Developing Text editors in C

C

Cheeks

Hi all,

Has anyone here developed a text editor using C ? If so pls share
the ideas with me.

I have some basic doubts on how to edit the text in stdout as per the
input from keyboard.

Also whenever the user inputs any characted to a IO function like
scanf, the character is displayed in stdout.. how can I block it.

Regards,
Cheekuu
 
?

=?ISO-8859-1?Q?Erik_Wikstr=F6m?=

Hi all,

Has anyone here developed a text editor using C ? If so pls share
the ideas with me.

I have some basic doubts on how to edit the text in stdout as per the
input from keyboard.

Also whenever the user inputs any characted to a IO function like
scanf, the character is displayed in stdout.. how can I block it.

You can't make a good texteditor unless you use some kind of thurd-party
library for controlling the console (unless you want to make a new ed).
Since you are talking about standard in/out I suspect you are targeting
Unix/Linux (under windows you'd probably be looking into using a GUI) in
which case you might be interested in ncurses.
 
N

Neo

Hi all,

Has anyone here developed a text editor using C ? If so pls share
the ideas with me.

I have some basic doubts on how to edit the text in stdout as per the
input from keyboard.

Also whenever the user inputs any characted to a IO function like
scanf, the character is displayed in stdout.. how can I block it.

Regards,
Cheekuu

Erik is right in pointing out that without using some third-party
library, you would end up dealing with just too much of esoterism.
Though, NCurses is good enough to develop any basic editing tool,
empirical experiences have taught me that it takes just too much of
code to get even the most basic thing upright running, in the context
of providing the window where text would be typed, maintaining those
buffers in sync and odd!

Since this is a C++ group, I inevitably suggest the below.

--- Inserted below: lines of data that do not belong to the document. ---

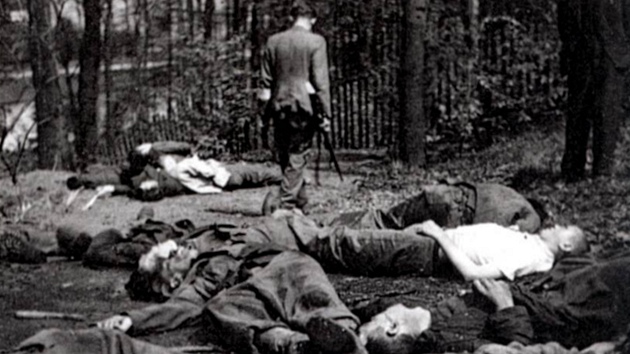 Těla Němců zmasakrovaných 10. května 1945 v náchodském pivovaru
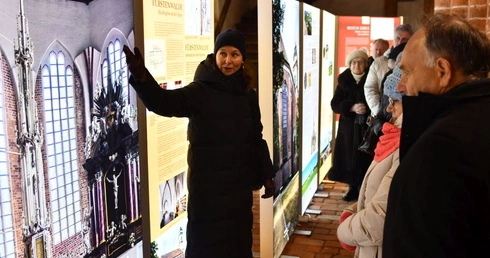 Niezwykła wystawa o sztuce i architekturze diecezji lubuskiej dotarła do Ośna Lubuskiego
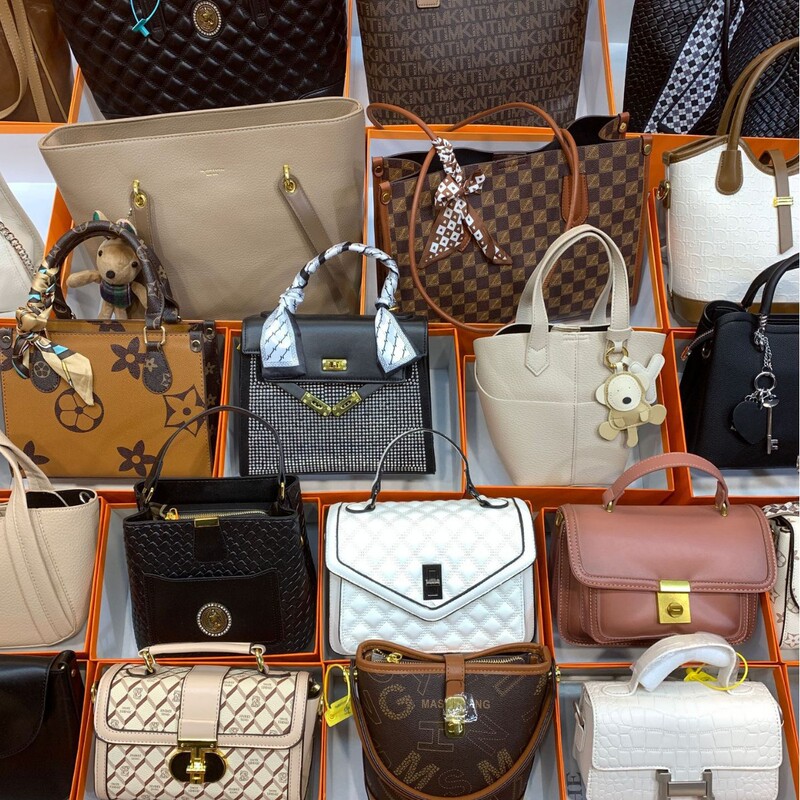 New niche women's bags, assorted styles, mixed batch, in-stock, women's crossbody bags, shoulder bags, live streaming, foreign trade, first-hand supply, wholesale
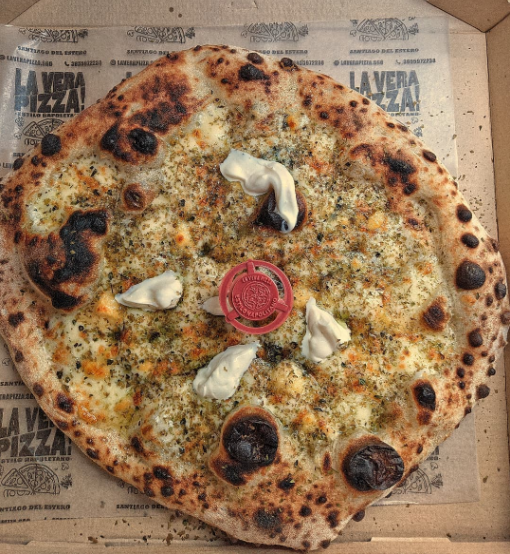Imagen de una pizza tipo 4 quesos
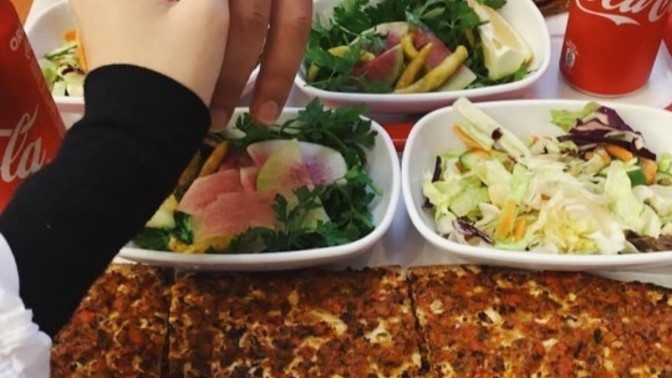 Sevgilinizle karşılıklı yemek yerken rahat mısınız?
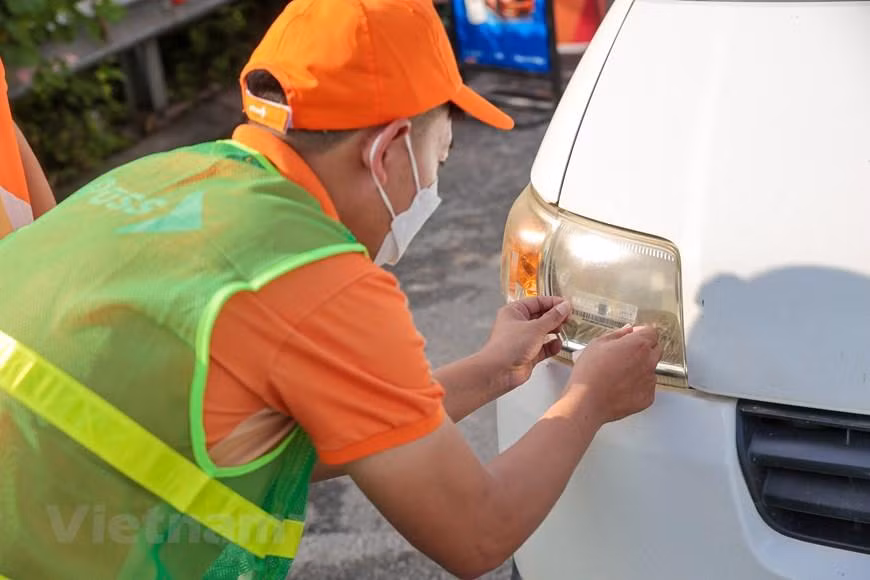 Nhiều phương tiện gặp lỗi khi qua trạm thu phí không dừng ảnh 12 Nhiều phương tiện gặp lỗi khi qua trạm thu phí không dừng ảnh 12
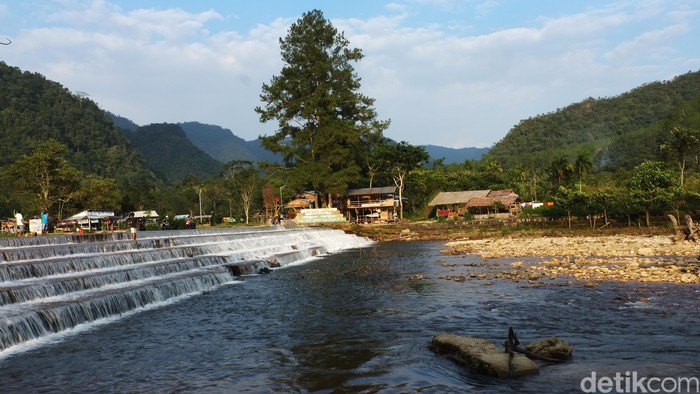 Berkunjung ke Payakumbuh, jangan lewatkan untuk mampir di Kapalo Banda tempat wisata ini merupakan sebuah Danau dengan air jernih dan pemandangan yang indah.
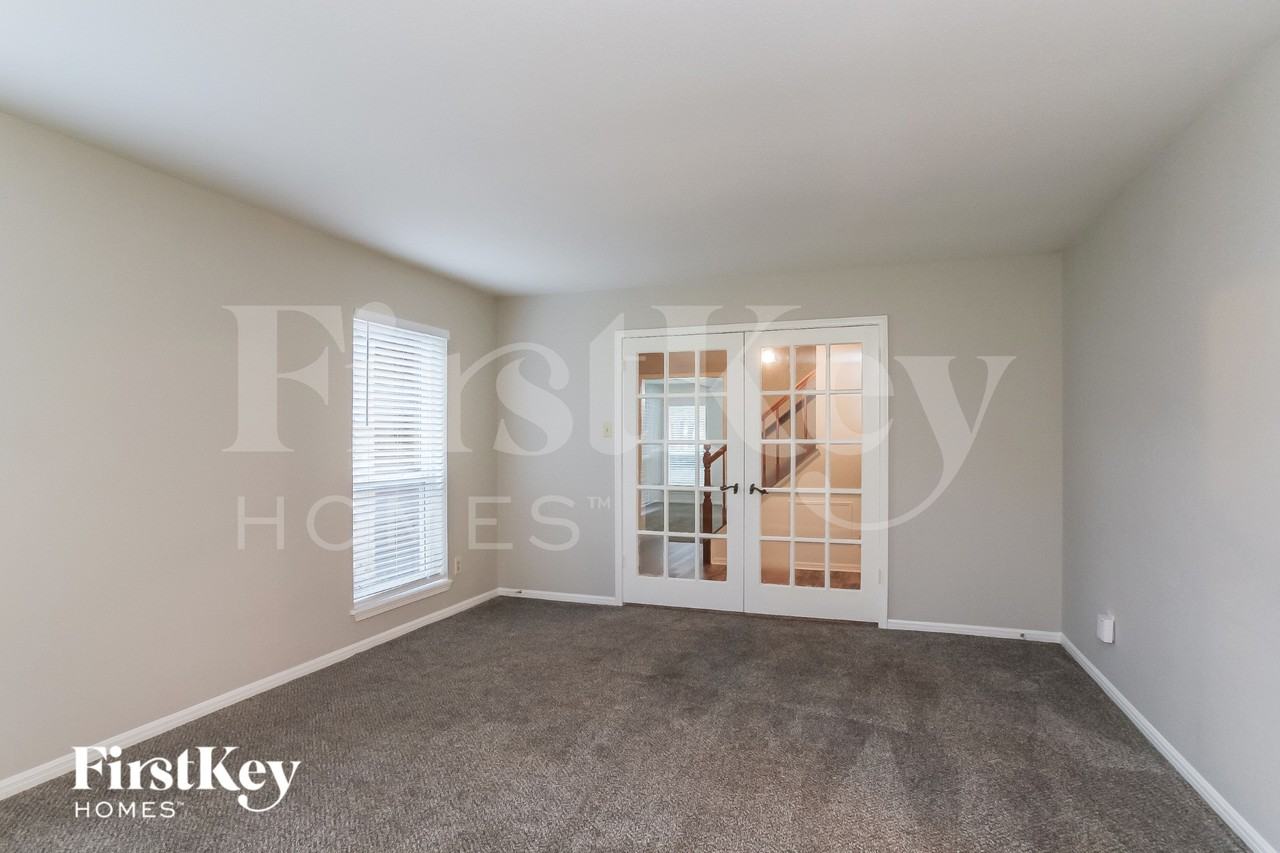 17322 Tall Cypress Dr - Photo 5 of 16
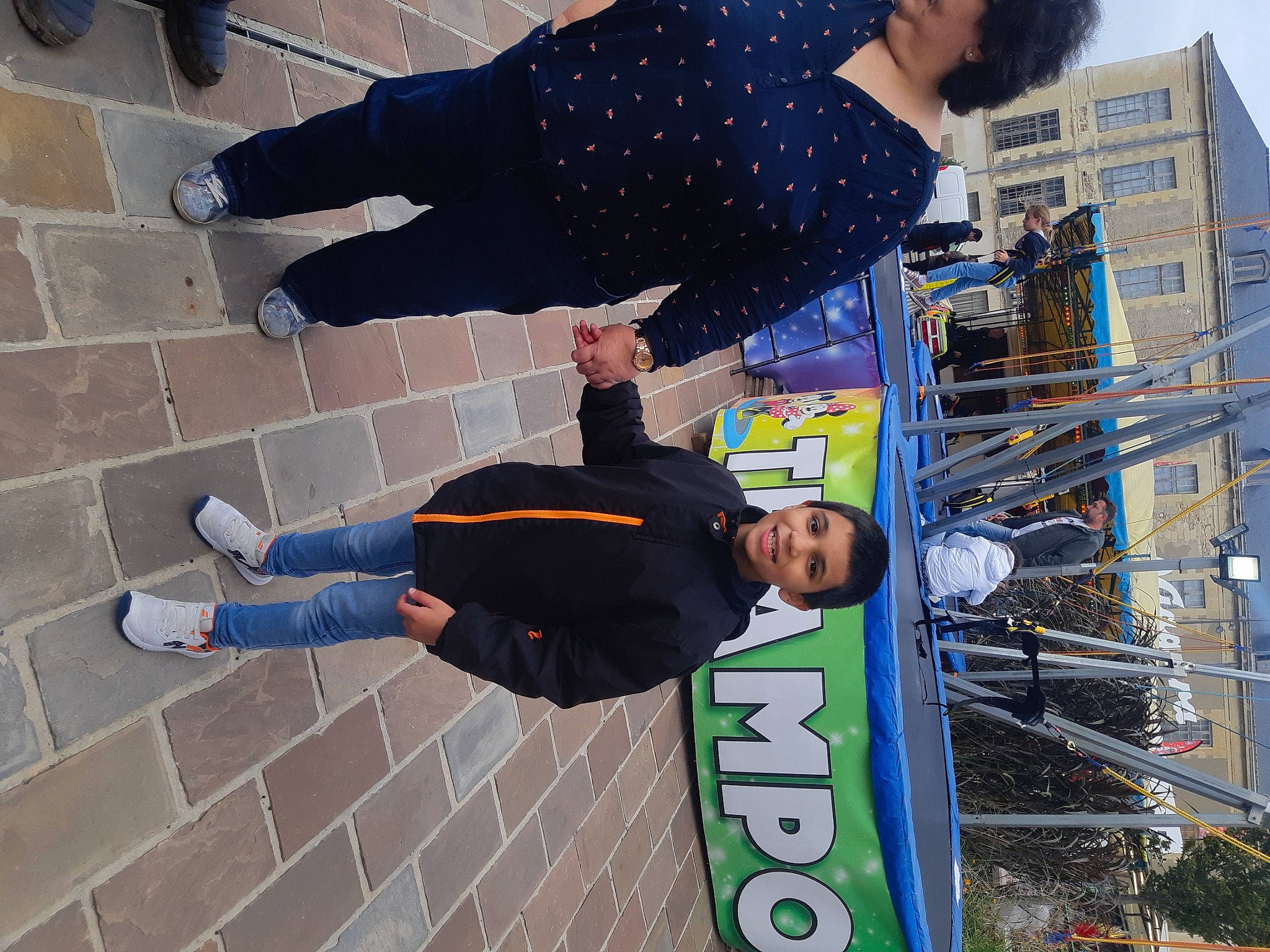 Amine a rejoint le concours — aidez-le/la à gagner de superbes lots ! building, electric_blue, facade, gesture, human_leg, joy, outdoor_shoe, pattern, pedestrian, person, plant, recreation, sky, sneakers, street, walking_shoe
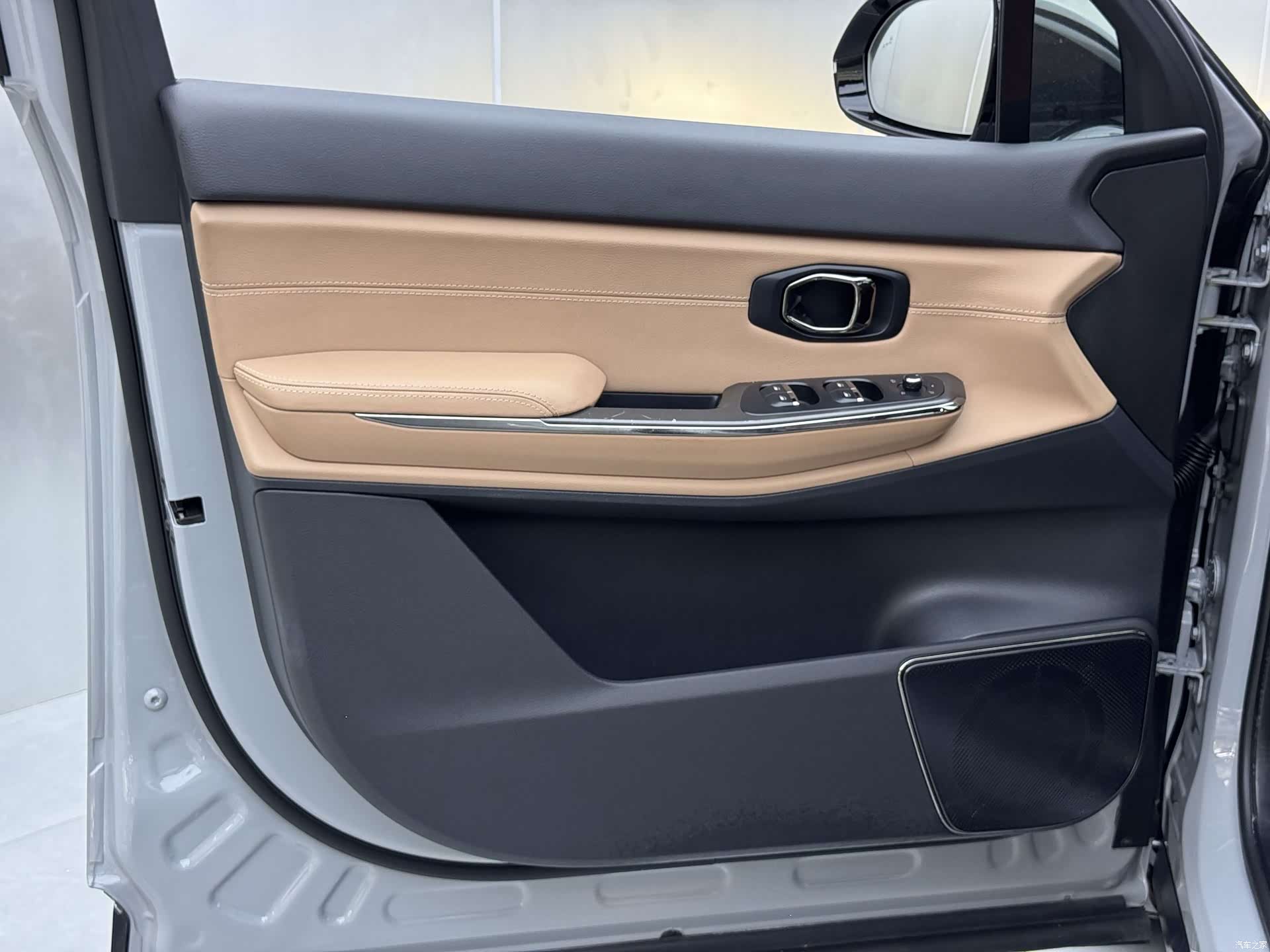 NIO ES8, 2022 9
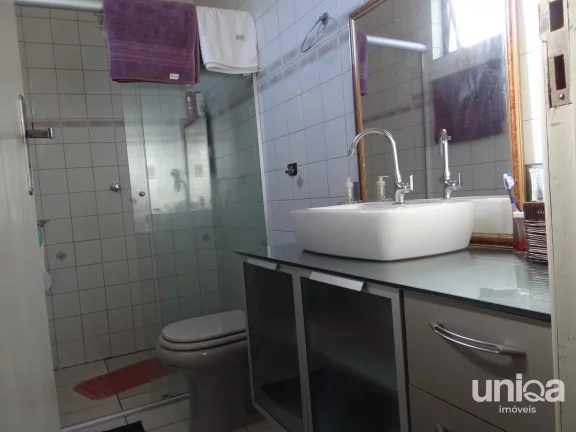 Imagem Casa de 03 dormitórios com terreno amplo,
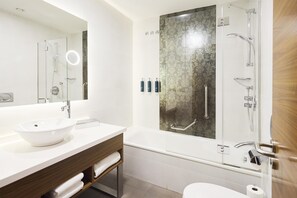 Suite, 1 Bedroom | Bathroom - Hilton Garden Inn Sevilla (Seville)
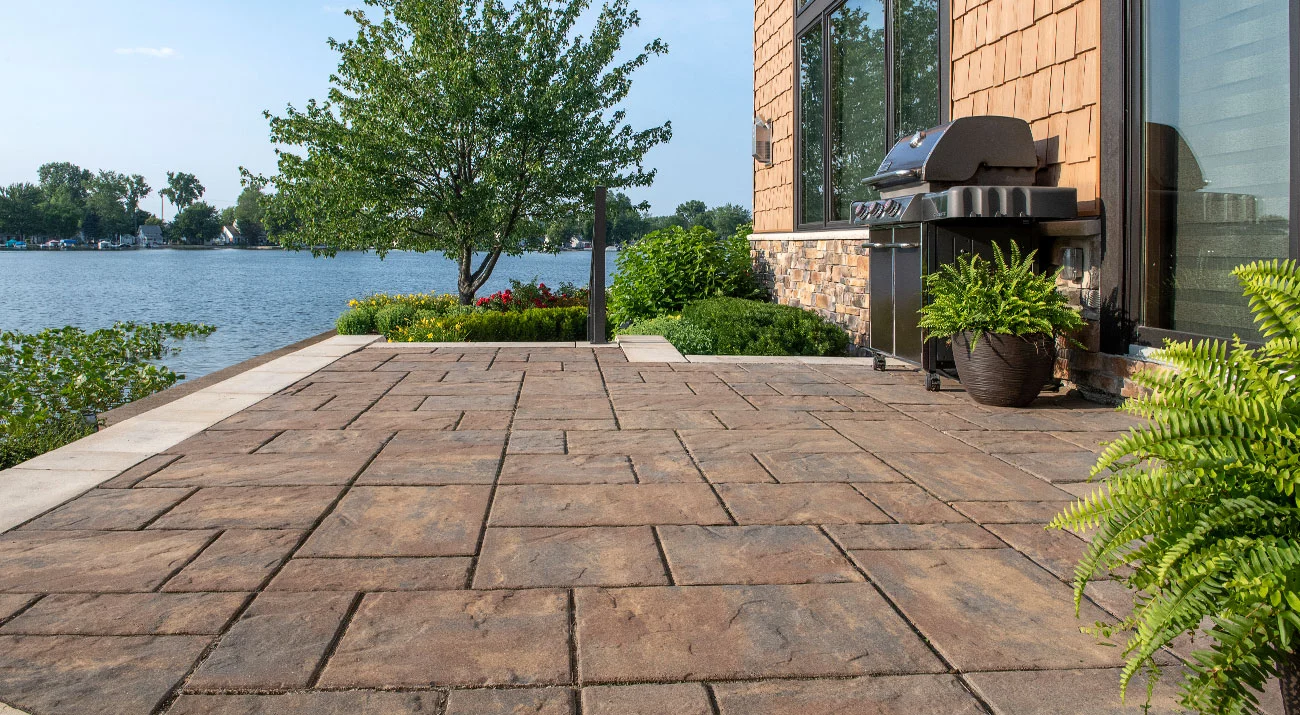 beacon-hill-flagstone_patio_sierra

Take a look into the Trolltech's C++ framework called QT, it is
available for free and comes along with the neccessary editor, make
tool and help pages. The framework defines a class "QTextEditor" which
builds into it, most of the editing capabilities you are looking for.

--Neo
 
J

James Kanze

Has anyone here developed a text editor using C ? If so pls share
the ideas with me.

You should probably ask in a C newsgroup (comp.lang.c), and not
here. The appropriate solutions in C++ won't be legal C, by a
long shot.
I have some basic doubts on how to edit the text in stdout as per the
input from keyboard.

An editor won't normally edit text in stdout (nor in cout in
C++). It will edit text in a buffer. That buffer is normally
filled by reading a file, and saved afterwards by writing to a
file.
Also whenever the user inputs any characted to a IO function like
scanf, the character is displayed in stdout.. how can I block it.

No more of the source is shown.